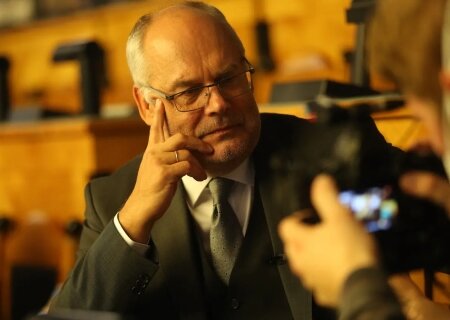    Президент Эстонии: русский нужно начинать учить раньше, чем другие языки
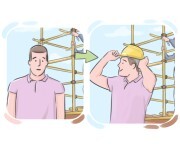 to [know] enough to come (in|) out of the rain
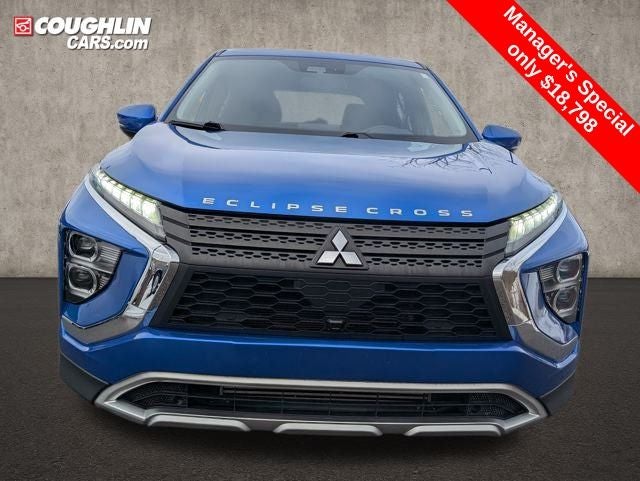 2023 Mitsubishi Eclipse Cross Base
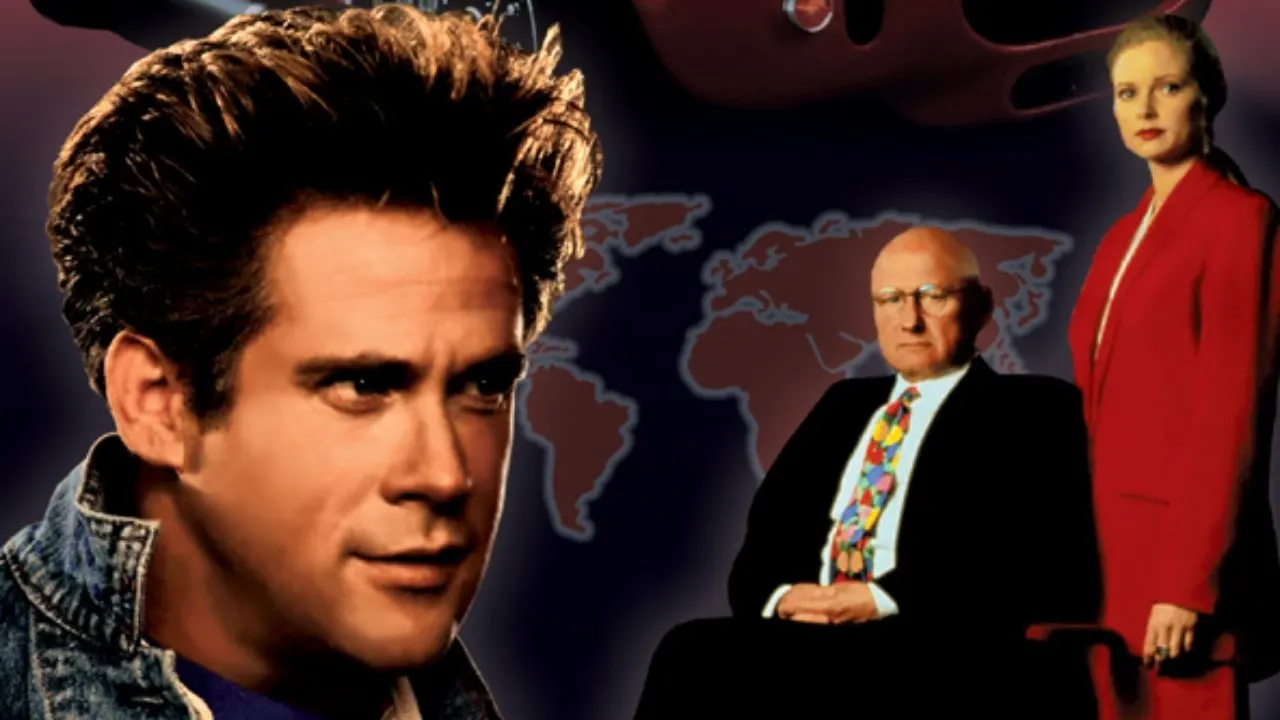 Cena de Cobra (1993)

- [AIM OF THE TASK]: Would you print the material exactly once more, without any of its pictures?

- [RESULT FOR THIS TASK]:
    Президент Эстонии: русский нужно начинать учить раньше, чем другие языки
 to [know] enough to come (in|) out of the rain
 2023 Mitsubishi Eclipse Cross Base
 Cena de Cobra (1993)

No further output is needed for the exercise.